(Listed records)

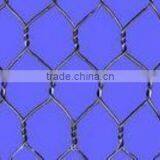 Chicken Wire Mesh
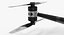 Autonomous Aerial Vehicle Ehang 184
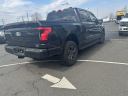 Thumbnail image of 2024 Ford F-150 Lightning at GengrasFordLincoln NEW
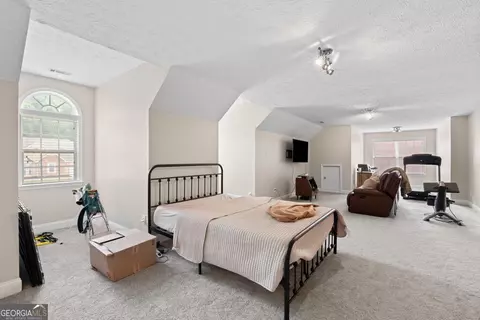 Other - 235 Creekside Cir, Hampton, GA 30228 photo 10 of 11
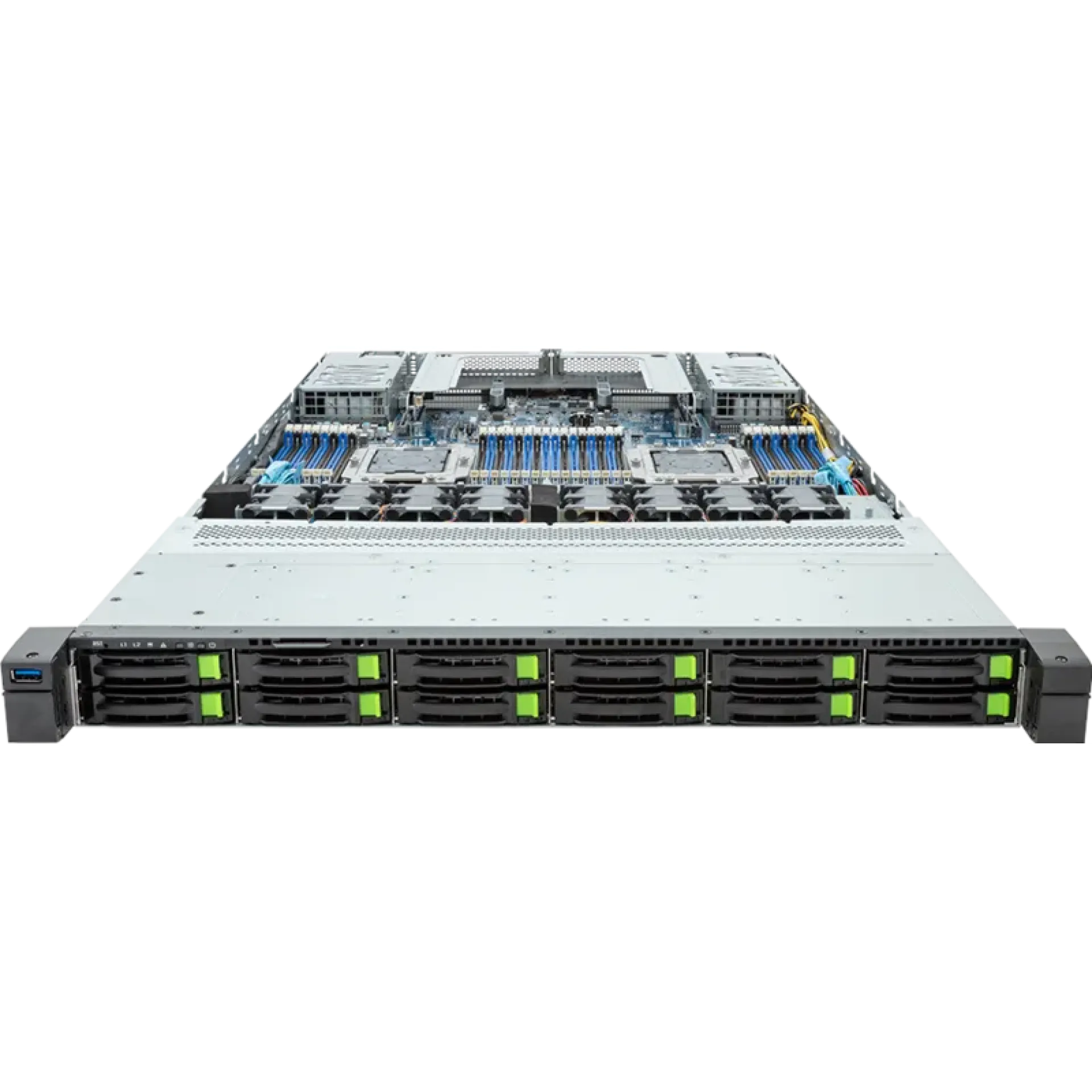Gigabyte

(End Listed records)

Exercise aim: Since the pictures are not wanted, write out the rest of the data exactly as it reads.

Response to this exercise:
 Chicken Wire Mesh
 Autonomous Aerial Vehicle Ehang 184
 Thumbnail image of 2024 Ford F-150 Lightning at GengrasFordLincoln NEW
 Other - 235 Creekside Cir, Hampton, GA 30228 photo 10 of 11
Gigabyte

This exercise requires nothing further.